Vesly is 12 years old and has an eternal case of tinea capitis (head fungus). This sounds horrible but I'm glad she's been sick because I wouldn't have gotten to know her otherwise. She's got that undefeatable spirit that I've seen over and over in young Haitian women.

And then there's Betty's family. Her youngest is Samania, the little girl who has been terrified of me ever since she turned 1. Edmirson is the middle child, who was also afraid of me from about age 1 until age 2. And her oldest is Sandina, who I rarely see because she goes to school in the mornings. Since the quake, Betty, her boyfriend, and the kids have been living in a tarp-house. I've never met the boyfriend but I know he has a temper - one day in the ravine, I saw that the door to their tent was ripped off and Betty told me that he did it when he was angry with her. Scary!

The good news is that he is working and he does provide for them. A month ago, Betty called to me from the door of a real house! They'd pulled together enough money to rent a cute little 2 room apartment and when I walk through now, Betty proudly invites me in. The house must have some magical qualities because Samania overcame her fear of me as soon as they moved in. She will actually stay in the same room as me now and high five me and wave good-bye without any screaming or hiding.
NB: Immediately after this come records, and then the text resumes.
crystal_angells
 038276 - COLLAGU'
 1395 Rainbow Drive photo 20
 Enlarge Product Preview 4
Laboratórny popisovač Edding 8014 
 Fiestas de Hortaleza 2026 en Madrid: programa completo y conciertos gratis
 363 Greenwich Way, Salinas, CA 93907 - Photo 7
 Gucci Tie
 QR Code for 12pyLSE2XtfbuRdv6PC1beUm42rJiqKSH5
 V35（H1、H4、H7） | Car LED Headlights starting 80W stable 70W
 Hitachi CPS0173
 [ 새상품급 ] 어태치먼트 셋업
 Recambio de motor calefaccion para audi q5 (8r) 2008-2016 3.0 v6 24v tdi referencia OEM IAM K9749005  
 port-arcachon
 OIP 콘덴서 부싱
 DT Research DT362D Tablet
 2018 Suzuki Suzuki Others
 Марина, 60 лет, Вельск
Finally we come to Bergine. I first treated Bergine in the fall for his mysterious skin condition and overall deterioration. In the following months, I had him seen by several American doctors and a Haitian doctor. No one knew what to do for him. His family moved him out to the countryside after Christmas and I would hear news about him secondhand. Last week,when I stopped at his house, his sister told me he'd died over the weekend. We still do not know why.